这不是关于 len(X_train) != len(y_train)。

Split the data into equal size for training and testing(validation). Make sure that the input data size is even. If not try to trim the data by omitting the last observation in the input data.

将数据拆分为相同大小的训练和测试(验证)。确保输入数据大小均匀。

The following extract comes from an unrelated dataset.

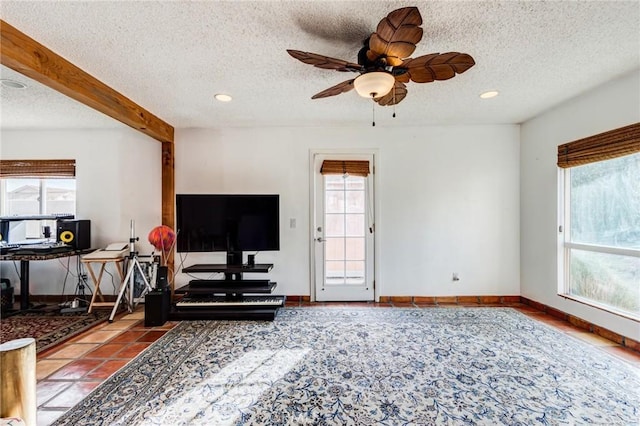 living room with a textured ceiling, ceiling fan, and beam ceiling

如果没有尝试通过省略输入数据中的最后一个观察来修剪数据。

train_test_split(X,y, test_size = 0.5, random_state=42)

train_test_split(X,y, test_size = 0.5, random_state=42)

This is working for me.

这对我有用。

回答by kon psych

The problem in this case is on this line

在这种情况下的问题是在这一行

validation_labels = np.array([0] * (nb_train_samples // 8) + [1] * (nb_train_samples // 8) + [2] * (nb_train_samples // 8) + [3] * (nb_train_samples // 8) + [4] * (nb_train_samples // 8) + [5] * (nb_train_samples // 8) + [6] * (nb_train_samples // 8) + [7] * (nb_train_samples // 8))

there is certainly a better way of writing this since now every occurence of nb_train_samplesshould be replaced with nb_validation_samples

肯定有更好的写法,因为现在每个出现的nb_train_samples都应该替换为nb_validation_samples

回答by 0x539

I know you have an answer but for other travelers make sure your train data is divisible by your batch_size.

我知道您有答案,但对于其他旅行者,请确保您的火车数据可被您的 batch_size 整除。